▶ **DIRECTIONS**: Please restate the records below verbatim, omitting every image they hold.

▶ **MATERIAL FOR THIS TASK**:
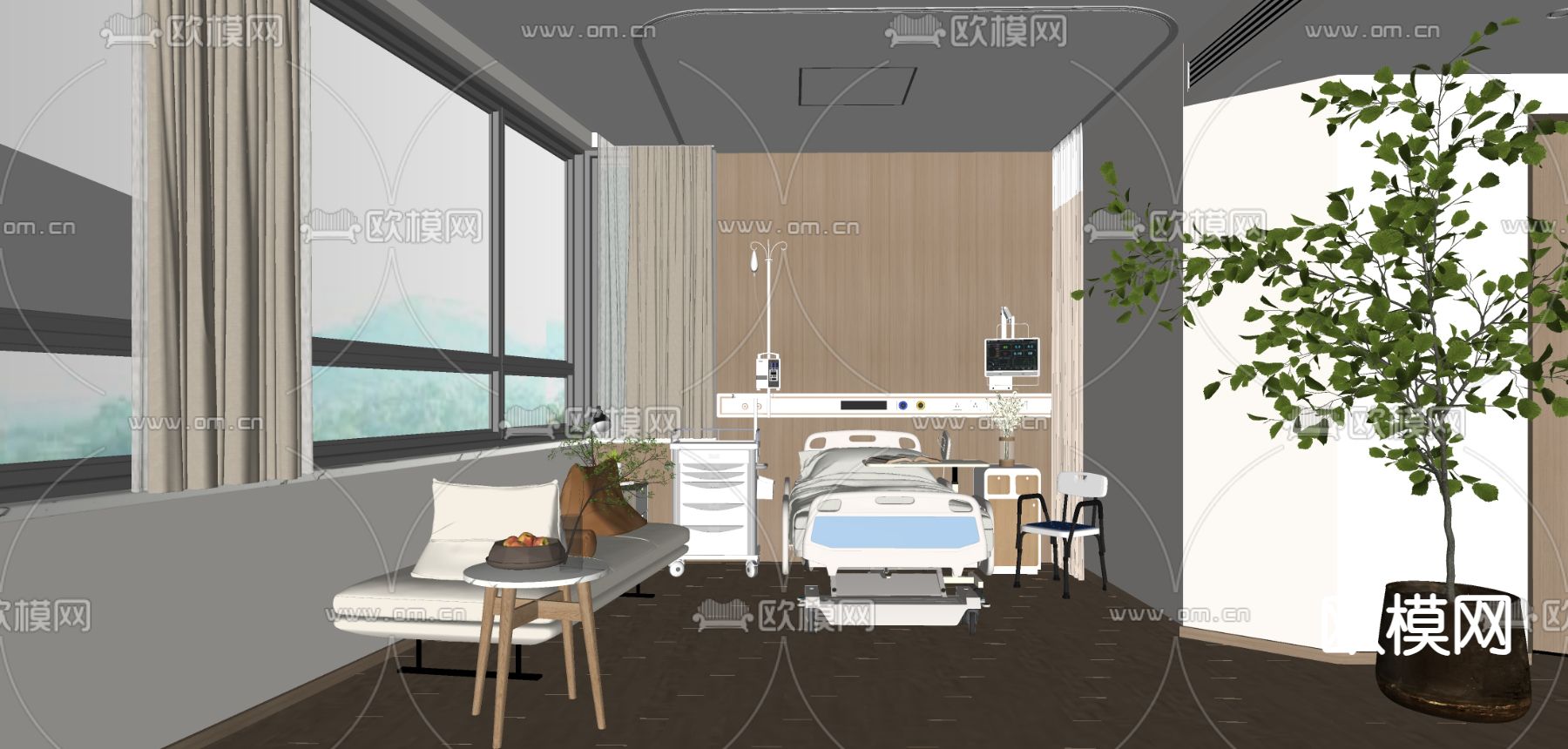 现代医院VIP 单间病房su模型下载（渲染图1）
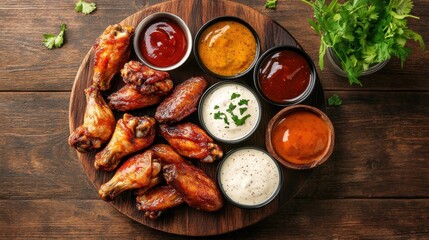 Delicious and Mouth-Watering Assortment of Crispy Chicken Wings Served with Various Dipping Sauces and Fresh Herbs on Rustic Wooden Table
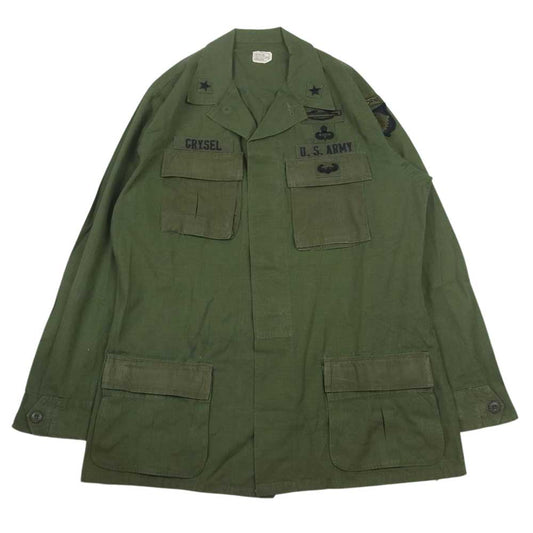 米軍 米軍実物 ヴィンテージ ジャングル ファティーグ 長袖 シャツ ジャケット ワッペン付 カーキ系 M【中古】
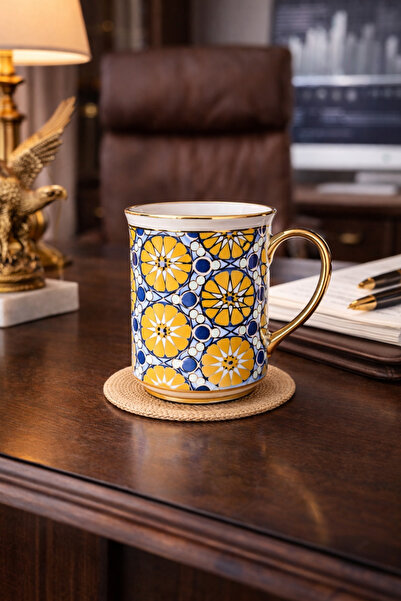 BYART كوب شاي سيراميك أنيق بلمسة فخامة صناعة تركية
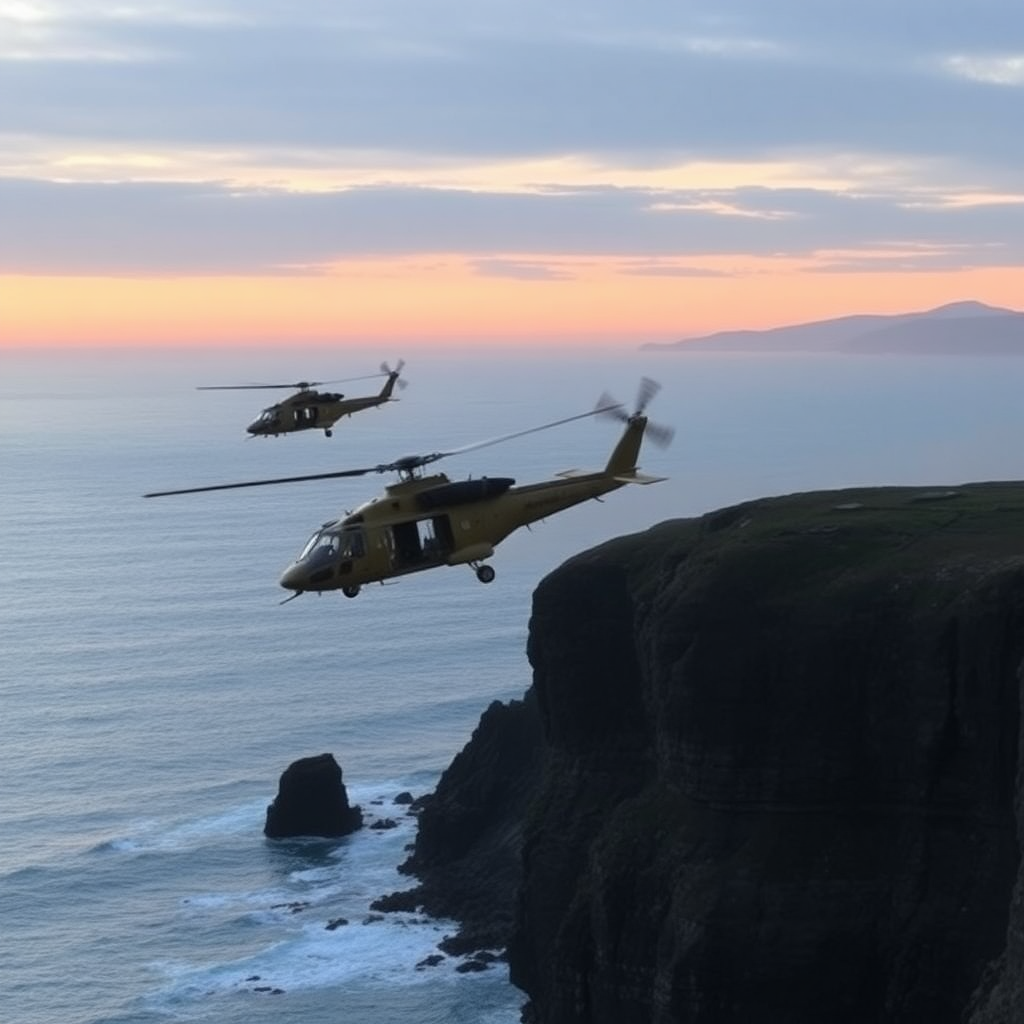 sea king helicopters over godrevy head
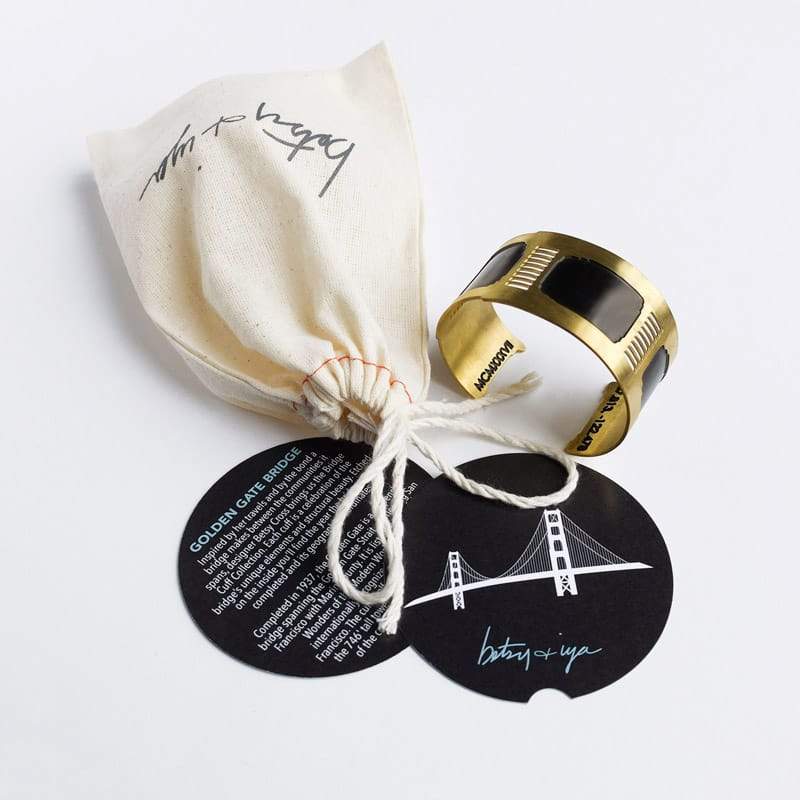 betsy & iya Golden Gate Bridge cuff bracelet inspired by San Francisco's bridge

▶ **RESULT**:
 现代医院VIP 单间病房su模型下载（渲染图1）
 Delicious and Mouth-Watering Assortment of Crispy Chicken Wings Served with Various Dipping Sauces and Fresh Herbs on Rustic Wooden Table
 米軍 米軍実物 ヴィンテージ ジャングル ファティーグ 長袖 シャツ ジャケット ワッペン付 カーキ系 M【中古】
 BYART كوب شاي سيراميك أنيق بلمسة فخامة صناعة تركية
 sea king helicopters over godrevy head
 betsy & iya Golden Gate Bridge cuff bracelet inspired by San Francisco's bridge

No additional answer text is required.